Retype the following records exactly and exclude the pictures.

Records from a data source:

#####

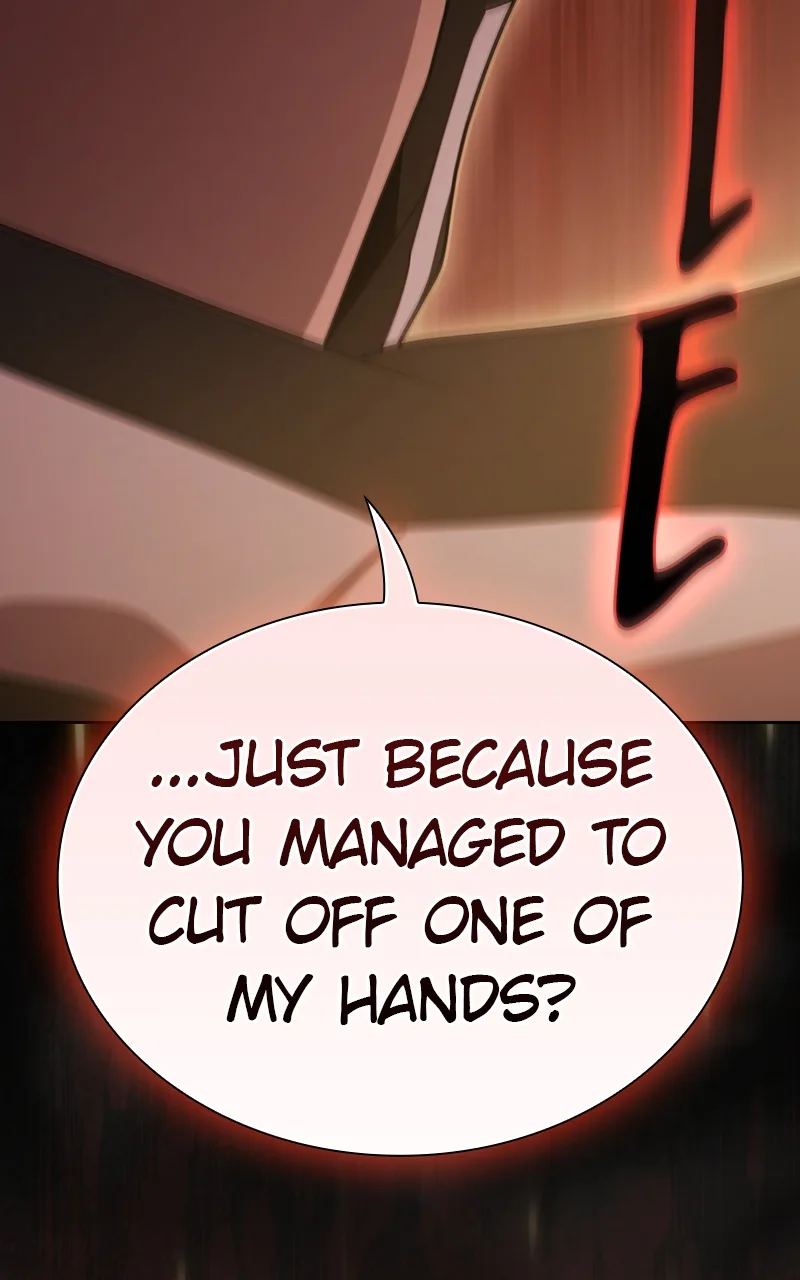 The Tutorial Tower Of Advanced Player Chapter 185 page 142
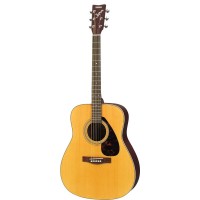 Chitara Acustica Yamaha F370 NAT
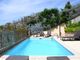 Thumbnail Villa for sale in Cristelo, 4910, Portugal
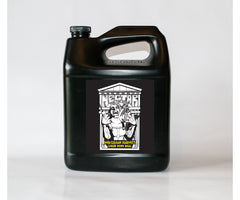 Herculean Harvest 0-6-0, 1 gal
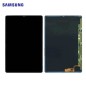 Ecran Samsung Galaxy Tab S5e 10.5" (T720/T725)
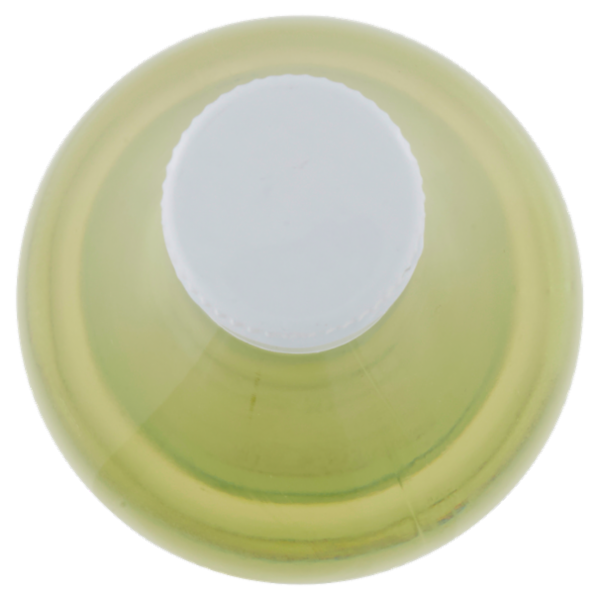 Via dei Laghi Castelli Romani DOC Bianco 1,5 l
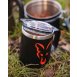 Fox Hrnek Stainless Thermal Mug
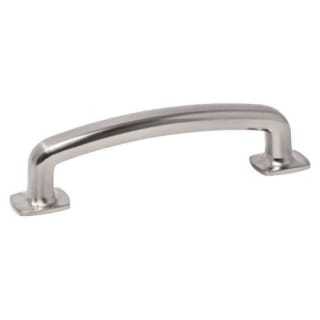 A thumbnail of the Crown Cabinet Hardware CHP86373 Satin Nickel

#####

▸ Your response
 The Tutorial Tower Of Advanced Player Chapter 185 page 142
 Chitara Acustica Yamaha F370 NAT
 Thumbnail Villa for sale in Cristelo, 4910, Portugal
 Herculean Harvest 0-6-0, 1 gal
 Ecran Samsung Galaxy Tab S5e 10.5" (T720/T725)
 Via dei Laghi Castelli Romani DOC Bianco 1,5 l
 Fox Hrnek Stainless Thermal Mug
 A thumbnail of the Crown Cabinet Hardware CHP86373 Satin Nickel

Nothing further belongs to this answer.